Sepeda onthel dalam dunia sepeda internasional diklasifikasi sebagai Dutch old style bicycle. Sepeda dengan ban ukuran diameter 28 nchi, kemudian menggunakan rangka 57, 61 atau 66 cm adalah cocok dengan perawakan orang-orang Belanda yang konon terkenal sebagai bangsa Eropa yang memiliki tinggi badan tertinggi dibanding bangsa-bangsa Eropa lainnya.
Di Indonesia, tipe sepeda ini memiliki banyak nama alias seperti sepeda kebo, sepeda unta dan sepeda jawa. Menurut www.dutchbikeseattle.com, Sepeda onthel memiliki varian-varian berdasarkan gender, fungsi dan bentuk. Berdasarkan gender, sepeda onthel dibedakan menjadi sepeda pria (heren atau opa fiets) dan sepeda wanita (dames atau oma fiets). Secara sederhana, opa fiets dikenali dari bentuk rangka horizontal, sedangkan oma fiets dikenali dari bentuk rangka yang melengkung ke bawah.
Merek sepeda yang saya miliki saat ini adalah Phoenix. Dari soal type, sesuai informasi diatas nampaknya type sepeda saya adalah Oma Fiets. Saya lalu mencari nomor rangka sepeda yang ternyata berada dibawah sadel. Setelah mencatat saya lalu memasukkan data nomor rangka itu pada situs www.sepedaonthel.com dan ketahuanlah, sepeda saya ini diproduksi tahun 1968 atau 43 tahun silam. Wow!
Memiliki sepeda antik ini membuat saya kian betah bermain sepeda bersama kedua anak saya, Rizky dan Alya berkeliling sekitar kompleks. Semula memang agak canggung karena sadelnya lumayan tinggi. Kadang-kadang bokong sempat nyangkut dulu baru mendapatkan posisi ergonomis. Kalau sudah begitu, istri dan kedua anak saya tertawa terpingkal-pingkal. Lama-lama juga menjadi terbiasa. Dan saya menikmati prosesi mengendarai sepeda Onthel ini. Menjadi bagian dari gaya hidup sehat, bebas polusi dan membuat kita selalu bersemangat meniti hari demi hari dalam kehidupan ini. Tetap bergerak dalam spirit harmoni. Sama seperti apa yang diungkap oleh Ilmuwan terkenal Albert Einstein : “Life is like riding a bicycle, to keep your balance you must keep moving.”

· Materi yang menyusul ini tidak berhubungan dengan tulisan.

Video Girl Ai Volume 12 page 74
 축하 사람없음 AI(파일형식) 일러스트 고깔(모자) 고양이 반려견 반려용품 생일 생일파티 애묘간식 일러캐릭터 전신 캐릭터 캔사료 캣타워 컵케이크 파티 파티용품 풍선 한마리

sepeda-nya merk apa mas? keliatannya produksi dari phoinex? sepeda yang keren tuh..
Betul mas, sepedanya merk Phoenix buatan tahun 1968 🙂
Rusa pengen sepedaaa beliin pakkk 🙂
Hebat…mantap…saya juga punya sepeda onthel lama merk The Mister punya bapak dahulu…sekarang saya rawat baik2 krn teringat jasa2nya yang luar biasa pada kami sekeluarga…apalagi jalan2 sore dengan onthel, hem sungguh asyik…Onthel lama memang Sangat Eksotis…!!!